En 1939, l’État haïtien a voté un décret-loi autorisant ses consulats à délivrer passeports et sauf-conduits à tous les Juifs qui en formuleraient la demande. Et en 1941, quelques jours après l’attaque nippone sur la flotte américaine à Pearl Harbor, ce même État déclarait la guerre contre l’Allemagne nazie et l’Italie fasciste. C’est autour de ces actes politiques peu connus que l’auteur haïtien Louis-Philippe Dalembert a écrit Avant que les ombres s’effacent.

Le livre est construit autour d’un personnage central, Ruben Schwarzberg, qui raconte sa vie à sa petite-cousine venue en Haïti en secouriste à la suite du séisme de janvier 2010. Cette vie est une véritable odyssée à travers les décennies tragiques du XXème siècle et les pays entre Europe et Caraïbes. Intéressante leçon d’histoire et de géographie qui échappe à l’européocentrisme, entre Pologne et Haïti en passant par l’Allemagne, la France, les États-Unis, Cuba, et cette déclaration de guerre à la fois exemplaire et burlesque, donnant à Haïti une place lointaine mais nécessaire de la lutte contre le nazisme. C’est également une description pleine de sympathie de cette famille juive « entre rires et pleurs » dont les membres sont contraints de se disperser entre Europe, Amérique, Israël et Caraïbe pour échapper au nazisme. Tout cela nimbé d’une certaine ironie quand la tragédie n’est pas trop proche.

Pourtant, j’ai refermé ce livre avec une certaine réserve. A côté de personnages réels ou inventés comme la poétesse haïtienne Ida Faubert rencontrée et l’ami américain Johnny, étudiant en médecine comme le héros à Paris, tout le récit tourne autour de son personnage principal, Ruben Schwarzberg, un homme quasiment parfait, qui a toutes les qualités, qui réagit toujours comme il faut devant toutes les épreuves, qu’il soit à Lodz en Pologne, dans Paris occupé par les Allemands, sur un bateau entre l’Europe et Cuba, en Haïti où il devient un médecin adulé et marié avec une merveilleuse haïtienne.
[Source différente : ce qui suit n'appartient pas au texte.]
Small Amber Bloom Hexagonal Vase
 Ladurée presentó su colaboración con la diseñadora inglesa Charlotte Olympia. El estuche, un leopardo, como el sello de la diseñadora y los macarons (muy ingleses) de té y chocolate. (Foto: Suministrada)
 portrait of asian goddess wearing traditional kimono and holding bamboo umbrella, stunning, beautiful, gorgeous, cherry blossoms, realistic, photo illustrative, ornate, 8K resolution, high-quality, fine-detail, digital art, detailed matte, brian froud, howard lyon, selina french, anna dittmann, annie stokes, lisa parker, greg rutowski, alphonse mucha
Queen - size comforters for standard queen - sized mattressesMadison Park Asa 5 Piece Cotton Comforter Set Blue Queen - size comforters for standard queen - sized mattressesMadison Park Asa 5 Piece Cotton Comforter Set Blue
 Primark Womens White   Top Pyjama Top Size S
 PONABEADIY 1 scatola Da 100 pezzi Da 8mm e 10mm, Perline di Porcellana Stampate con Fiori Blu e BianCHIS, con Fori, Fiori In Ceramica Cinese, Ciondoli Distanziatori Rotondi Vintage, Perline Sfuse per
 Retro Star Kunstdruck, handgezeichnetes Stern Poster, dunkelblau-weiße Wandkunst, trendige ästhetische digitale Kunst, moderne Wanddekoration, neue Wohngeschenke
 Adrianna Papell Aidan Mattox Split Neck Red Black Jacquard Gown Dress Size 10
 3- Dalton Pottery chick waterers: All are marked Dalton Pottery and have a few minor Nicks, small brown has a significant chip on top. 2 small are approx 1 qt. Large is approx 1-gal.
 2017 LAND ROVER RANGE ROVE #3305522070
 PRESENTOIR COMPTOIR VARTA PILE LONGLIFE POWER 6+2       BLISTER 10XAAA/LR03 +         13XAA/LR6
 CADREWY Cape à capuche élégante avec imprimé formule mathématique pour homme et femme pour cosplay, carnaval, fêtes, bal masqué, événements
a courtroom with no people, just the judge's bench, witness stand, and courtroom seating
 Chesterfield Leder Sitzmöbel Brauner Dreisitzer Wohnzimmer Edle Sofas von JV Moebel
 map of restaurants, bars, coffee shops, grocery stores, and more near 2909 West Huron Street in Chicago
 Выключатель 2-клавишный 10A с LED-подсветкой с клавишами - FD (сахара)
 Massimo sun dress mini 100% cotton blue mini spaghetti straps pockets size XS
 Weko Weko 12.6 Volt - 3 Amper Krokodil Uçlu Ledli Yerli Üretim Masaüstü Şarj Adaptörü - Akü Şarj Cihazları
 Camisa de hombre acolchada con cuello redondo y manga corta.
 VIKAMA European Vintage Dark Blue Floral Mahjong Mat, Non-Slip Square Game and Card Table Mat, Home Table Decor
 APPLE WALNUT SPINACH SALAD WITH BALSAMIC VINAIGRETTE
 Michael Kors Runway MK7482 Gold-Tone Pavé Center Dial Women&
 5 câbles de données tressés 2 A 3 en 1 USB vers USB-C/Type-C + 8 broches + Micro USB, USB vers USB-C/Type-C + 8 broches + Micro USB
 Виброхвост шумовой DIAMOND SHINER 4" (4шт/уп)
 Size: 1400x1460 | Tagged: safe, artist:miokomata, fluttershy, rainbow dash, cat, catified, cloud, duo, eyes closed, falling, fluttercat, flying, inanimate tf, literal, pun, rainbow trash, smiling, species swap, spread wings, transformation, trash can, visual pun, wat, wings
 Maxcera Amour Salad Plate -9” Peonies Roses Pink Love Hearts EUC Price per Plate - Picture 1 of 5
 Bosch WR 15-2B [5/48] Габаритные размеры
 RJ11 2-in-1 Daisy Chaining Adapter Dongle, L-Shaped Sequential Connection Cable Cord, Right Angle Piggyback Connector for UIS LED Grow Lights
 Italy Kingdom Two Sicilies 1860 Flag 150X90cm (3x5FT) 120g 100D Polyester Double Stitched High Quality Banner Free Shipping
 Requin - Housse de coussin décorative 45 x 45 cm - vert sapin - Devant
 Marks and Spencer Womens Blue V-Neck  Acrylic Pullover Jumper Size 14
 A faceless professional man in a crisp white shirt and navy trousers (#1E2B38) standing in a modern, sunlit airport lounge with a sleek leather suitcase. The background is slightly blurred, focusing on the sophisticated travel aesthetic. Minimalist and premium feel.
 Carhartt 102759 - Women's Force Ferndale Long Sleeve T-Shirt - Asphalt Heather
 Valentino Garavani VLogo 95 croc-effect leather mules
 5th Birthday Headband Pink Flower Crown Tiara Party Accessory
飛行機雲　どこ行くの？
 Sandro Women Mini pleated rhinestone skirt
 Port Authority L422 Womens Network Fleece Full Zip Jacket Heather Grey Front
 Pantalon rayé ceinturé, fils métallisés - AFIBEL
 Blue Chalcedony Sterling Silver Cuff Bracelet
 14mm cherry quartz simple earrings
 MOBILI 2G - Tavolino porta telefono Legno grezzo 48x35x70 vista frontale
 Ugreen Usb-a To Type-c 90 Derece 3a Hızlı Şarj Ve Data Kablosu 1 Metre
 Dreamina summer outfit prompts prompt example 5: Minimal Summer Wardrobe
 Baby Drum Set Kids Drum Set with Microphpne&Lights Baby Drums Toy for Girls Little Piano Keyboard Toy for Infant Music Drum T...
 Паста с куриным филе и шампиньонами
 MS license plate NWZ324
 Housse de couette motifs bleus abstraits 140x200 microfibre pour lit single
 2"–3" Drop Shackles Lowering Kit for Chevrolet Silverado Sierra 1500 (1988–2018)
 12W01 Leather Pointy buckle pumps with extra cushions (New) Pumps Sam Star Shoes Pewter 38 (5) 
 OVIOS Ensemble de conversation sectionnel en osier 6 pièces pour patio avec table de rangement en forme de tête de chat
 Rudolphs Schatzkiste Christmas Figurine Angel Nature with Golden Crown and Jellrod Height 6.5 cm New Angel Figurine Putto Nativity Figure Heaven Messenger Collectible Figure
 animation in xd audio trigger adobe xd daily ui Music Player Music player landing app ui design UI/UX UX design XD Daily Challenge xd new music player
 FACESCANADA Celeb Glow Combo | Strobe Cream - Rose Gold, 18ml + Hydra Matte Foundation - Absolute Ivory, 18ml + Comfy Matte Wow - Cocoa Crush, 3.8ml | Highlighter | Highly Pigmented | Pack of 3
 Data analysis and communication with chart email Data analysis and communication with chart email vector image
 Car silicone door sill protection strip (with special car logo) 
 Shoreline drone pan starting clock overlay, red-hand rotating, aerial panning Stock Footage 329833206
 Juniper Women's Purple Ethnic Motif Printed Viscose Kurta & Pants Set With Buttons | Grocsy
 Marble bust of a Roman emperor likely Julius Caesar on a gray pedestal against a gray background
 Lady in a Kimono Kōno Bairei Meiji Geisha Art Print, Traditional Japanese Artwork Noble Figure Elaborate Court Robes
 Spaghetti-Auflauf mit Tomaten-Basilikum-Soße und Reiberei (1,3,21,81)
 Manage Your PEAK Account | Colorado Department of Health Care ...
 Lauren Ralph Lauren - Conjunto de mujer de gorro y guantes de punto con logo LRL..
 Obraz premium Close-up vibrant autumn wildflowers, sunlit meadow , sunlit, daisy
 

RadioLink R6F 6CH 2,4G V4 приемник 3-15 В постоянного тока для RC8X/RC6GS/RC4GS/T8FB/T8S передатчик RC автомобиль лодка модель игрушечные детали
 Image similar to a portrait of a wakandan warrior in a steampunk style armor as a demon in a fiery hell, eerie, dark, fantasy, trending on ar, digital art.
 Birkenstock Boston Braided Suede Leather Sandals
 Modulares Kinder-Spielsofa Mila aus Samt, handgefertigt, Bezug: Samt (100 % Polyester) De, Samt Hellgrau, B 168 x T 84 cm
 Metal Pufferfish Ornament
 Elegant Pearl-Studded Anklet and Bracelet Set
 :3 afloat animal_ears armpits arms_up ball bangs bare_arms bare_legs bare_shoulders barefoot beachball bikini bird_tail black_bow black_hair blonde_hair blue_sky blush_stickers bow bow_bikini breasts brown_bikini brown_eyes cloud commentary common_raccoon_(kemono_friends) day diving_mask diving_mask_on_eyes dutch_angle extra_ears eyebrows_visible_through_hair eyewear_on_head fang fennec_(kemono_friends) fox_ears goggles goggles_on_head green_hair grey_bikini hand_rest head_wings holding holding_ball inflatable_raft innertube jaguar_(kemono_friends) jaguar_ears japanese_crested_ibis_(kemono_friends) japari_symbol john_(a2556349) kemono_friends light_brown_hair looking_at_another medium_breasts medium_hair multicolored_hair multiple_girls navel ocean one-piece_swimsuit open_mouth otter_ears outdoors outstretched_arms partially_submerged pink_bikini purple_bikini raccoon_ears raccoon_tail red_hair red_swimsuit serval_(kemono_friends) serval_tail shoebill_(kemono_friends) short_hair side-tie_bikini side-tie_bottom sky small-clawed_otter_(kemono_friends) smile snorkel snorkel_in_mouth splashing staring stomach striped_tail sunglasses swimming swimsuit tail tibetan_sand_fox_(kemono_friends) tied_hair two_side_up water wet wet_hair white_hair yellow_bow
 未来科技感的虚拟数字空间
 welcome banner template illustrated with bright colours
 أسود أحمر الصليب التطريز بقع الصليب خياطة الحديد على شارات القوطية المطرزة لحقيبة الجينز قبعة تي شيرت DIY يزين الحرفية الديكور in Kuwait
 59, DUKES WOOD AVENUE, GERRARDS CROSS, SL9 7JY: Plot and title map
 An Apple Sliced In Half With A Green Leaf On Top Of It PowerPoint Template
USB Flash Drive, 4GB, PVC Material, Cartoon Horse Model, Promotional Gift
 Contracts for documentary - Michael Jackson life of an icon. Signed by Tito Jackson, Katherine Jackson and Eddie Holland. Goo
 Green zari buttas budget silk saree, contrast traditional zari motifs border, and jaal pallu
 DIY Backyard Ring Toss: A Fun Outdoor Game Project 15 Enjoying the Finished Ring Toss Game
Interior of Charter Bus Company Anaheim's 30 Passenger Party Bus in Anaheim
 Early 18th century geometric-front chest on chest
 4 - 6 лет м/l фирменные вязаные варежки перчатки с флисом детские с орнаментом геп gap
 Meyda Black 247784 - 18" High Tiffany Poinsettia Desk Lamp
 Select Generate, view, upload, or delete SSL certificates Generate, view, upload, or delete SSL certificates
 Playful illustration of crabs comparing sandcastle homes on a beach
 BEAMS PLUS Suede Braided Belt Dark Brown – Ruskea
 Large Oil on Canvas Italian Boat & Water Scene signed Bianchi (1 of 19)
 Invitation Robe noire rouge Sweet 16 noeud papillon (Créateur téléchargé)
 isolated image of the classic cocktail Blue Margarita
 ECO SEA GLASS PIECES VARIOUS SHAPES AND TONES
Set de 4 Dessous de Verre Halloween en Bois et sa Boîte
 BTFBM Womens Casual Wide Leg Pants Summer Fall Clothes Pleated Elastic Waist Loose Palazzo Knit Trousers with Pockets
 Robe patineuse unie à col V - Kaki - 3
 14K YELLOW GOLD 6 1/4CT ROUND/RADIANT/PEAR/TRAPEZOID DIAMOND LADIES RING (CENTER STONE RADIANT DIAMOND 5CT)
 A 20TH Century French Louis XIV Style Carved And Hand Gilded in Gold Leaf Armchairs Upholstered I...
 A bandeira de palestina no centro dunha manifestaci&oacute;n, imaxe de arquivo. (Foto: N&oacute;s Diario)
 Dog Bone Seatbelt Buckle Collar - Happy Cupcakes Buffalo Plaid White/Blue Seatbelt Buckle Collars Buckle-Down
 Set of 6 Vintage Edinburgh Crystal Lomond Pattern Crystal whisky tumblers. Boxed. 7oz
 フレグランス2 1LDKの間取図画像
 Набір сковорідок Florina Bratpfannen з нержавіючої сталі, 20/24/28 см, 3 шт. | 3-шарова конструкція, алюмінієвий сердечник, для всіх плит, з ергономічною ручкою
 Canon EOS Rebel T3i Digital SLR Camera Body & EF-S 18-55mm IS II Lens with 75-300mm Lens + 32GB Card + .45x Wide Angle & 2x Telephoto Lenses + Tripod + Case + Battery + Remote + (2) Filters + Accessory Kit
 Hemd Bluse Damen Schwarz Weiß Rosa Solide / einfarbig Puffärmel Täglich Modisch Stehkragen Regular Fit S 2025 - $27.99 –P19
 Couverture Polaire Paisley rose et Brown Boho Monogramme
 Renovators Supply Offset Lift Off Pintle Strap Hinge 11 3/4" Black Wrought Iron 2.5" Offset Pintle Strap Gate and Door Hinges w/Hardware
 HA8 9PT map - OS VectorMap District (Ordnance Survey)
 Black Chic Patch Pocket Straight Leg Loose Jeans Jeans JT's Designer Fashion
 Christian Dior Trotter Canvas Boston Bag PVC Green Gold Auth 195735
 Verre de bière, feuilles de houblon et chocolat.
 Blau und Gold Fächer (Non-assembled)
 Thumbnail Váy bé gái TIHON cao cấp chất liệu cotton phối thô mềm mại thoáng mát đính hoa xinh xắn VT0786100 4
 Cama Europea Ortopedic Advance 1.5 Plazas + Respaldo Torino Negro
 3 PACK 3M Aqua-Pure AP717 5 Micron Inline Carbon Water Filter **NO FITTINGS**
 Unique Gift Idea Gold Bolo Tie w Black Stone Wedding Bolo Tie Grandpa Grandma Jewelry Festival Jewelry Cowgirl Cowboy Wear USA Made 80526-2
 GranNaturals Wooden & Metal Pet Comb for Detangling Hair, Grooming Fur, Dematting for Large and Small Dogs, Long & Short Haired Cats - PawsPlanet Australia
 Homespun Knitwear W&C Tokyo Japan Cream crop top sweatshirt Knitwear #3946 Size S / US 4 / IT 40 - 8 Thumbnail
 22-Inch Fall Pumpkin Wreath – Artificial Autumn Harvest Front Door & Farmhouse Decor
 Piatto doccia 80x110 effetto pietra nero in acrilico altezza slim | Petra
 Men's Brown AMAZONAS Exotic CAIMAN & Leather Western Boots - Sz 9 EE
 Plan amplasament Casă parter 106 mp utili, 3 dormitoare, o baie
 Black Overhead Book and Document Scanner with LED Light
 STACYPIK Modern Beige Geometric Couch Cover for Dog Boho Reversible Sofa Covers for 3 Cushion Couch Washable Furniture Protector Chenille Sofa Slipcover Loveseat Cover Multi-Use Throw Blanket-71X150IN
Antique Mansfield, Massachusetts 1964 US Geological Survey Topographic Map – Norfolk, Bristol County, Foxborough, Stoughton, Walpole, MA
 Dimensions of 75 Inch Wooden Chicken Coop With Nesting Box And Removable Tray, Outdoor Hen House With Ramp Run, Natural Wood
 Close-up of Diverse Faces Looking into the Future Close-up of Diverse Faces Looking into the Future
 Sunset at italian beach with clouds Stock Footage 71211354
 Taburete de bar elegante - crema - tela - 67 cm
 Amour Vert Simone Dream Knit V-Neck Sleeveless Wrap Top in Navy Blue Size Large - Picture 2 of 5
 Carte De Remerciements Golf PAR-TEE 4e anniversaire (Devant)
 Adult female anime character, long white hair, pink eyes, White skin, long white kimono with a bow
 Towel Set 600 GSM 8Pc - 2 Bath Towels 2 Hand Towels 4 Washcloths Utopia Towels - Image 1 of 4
C’est même en raison de son attitude exemplaire que Ruben, enfermé à Buchenwald, a fait partie des quelques prisonniers libérés par ordre du Führer à l’occasion de son cinquantième anniversaire…

Pourquoi avoir transformé un homme en héros quasi-parfait ? Pour donner à ce livre le style d’un conte enchanteur ? Dommage, alors, que la plume soit restée singulièrement académique, loin du lyrisme, de la truculence, voire la transcendance qui font tout le génie de la littérature haïtienne.